◆ DIRECTIONS FOR THIS TASK
All lines of the data shown below should be output exactly as they stand.

-------- EXERCISE MATERIALS --------

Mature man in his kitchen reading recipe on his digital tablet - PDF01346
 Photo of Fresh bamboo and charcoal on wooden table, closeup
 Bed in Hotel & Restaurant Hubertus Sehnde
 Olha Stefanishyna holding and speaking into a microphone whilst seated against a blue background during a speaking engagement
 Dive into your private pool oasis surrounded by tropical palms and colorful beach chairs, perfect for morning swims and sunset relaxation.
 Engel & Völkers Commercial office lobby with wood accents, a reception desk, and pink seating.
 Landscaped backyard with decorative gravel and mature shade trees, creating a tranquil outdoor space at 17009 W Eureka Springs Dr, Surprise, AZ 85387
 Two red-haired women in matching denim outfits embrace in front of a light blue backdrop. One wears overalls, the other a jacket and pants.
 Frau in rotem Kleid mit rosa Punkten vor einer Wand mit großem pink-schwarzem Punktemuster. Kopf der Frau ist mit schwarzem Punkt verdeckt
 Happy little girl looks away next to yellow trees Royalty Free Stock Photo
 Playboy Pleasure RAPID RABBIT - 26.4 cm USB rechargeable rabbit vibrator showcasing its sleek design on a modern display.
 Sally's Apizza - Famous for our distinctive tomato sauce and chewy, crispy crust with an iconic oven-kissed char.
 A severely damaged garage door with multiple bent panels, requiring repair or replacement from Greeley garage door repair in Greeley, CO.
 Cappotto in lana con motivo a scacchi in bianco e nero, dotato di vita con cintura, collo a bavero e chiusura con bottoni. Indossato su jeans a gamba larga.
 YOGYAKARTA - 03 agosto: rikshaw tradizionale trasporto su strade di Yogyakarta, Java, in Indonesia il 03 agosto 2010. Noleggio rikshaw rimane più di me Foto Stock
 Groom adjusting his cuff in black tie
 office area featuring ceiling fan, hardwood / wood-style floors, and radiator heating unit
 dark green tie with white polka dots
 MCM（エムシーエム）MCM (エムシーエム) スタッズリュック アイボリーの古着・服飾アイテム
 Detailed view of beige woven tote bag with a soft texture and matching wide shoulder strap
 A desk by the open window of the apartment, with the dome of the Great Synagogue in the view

--------

◆ ANSWER BOX
Mature man in his kitchen reading recipe on his digital tablet - PDF01346
 Photo of Fresh bamboo and charcoal on wooden table, closeup
 Bed in Hotel & Restaurant Hubertus Sehnde
 Olha Stefanishyna holding and speaking into a microphone whilst seated against a blue background during a speaking engagement
 Dive into your private pool oasis surrounded by tropical palms and colorful beach chairs, perfect for morning swims and sunset relaxation.
 Engel & Völkers Commercial office lobby with wood accents, a reception desk, and pink seating.
 Landscaped backyard with decorative gravel and mature shade trees, creating a tranquil outdoor space at 17009 W Eureka Springs Dr, Surprise, AZ 85387
 Two red-haired women in matching denim outfits embrace in front of a light blue backdrop. One wears overalls, the other a jacket and pants.
 Frau in rotem Kleid mit rosa Punkten vor einer Wand mit großem pink-schwarzem Punktemuster. Kopf der Frau ist mit schwarzem Punkt verdeckt
 Happy little girl looks away next to yellow trees Royalty Free Stock Photo
 Playboy Pleasure RAPID RABBIT - 26.4 cm USB rechargeable rabbit vibrator showcasing its sleek design on a modern display.
 Sally's Apizza - Famous for our distinctive tomato sauce and chewy, crispy crust with an iconic oven-kissed char.
 A severely damaged garage door with multiple bent panels, requiring repair or replacement from Greeley garage door repair in Greeley, CO.
 Cappotto in lana con motivo a scacchi in bianco e nero, dotato di vita con cintura, collo a bavero e chiusura con bottoni. Indossato su jeans a gamba larga.
 YOGYAKARTA - 03 agosto: rikshaw tradizionale trasporto su strade di Yogyakarta, Java, in Indonesia il 03 agosto 2010. Noleggio rikshaw rimane più di me Foto Stock
 Groom adjusting his cuff in black tie
 office area featuring ceiling fan, hardwood / wood-style floors, and radiator heating unit
 dark green tie with white polka dots
 MCM（エムシーエム）MCM (エムシーエム) スタッズリュック アイボリーの古着・服飾アイテム
 Detailed view of beige woven tote bag with a soft texture and matching wide shoulder strap
 A desk by the open window of the apartment, with the dome of the Great Synagogue in the view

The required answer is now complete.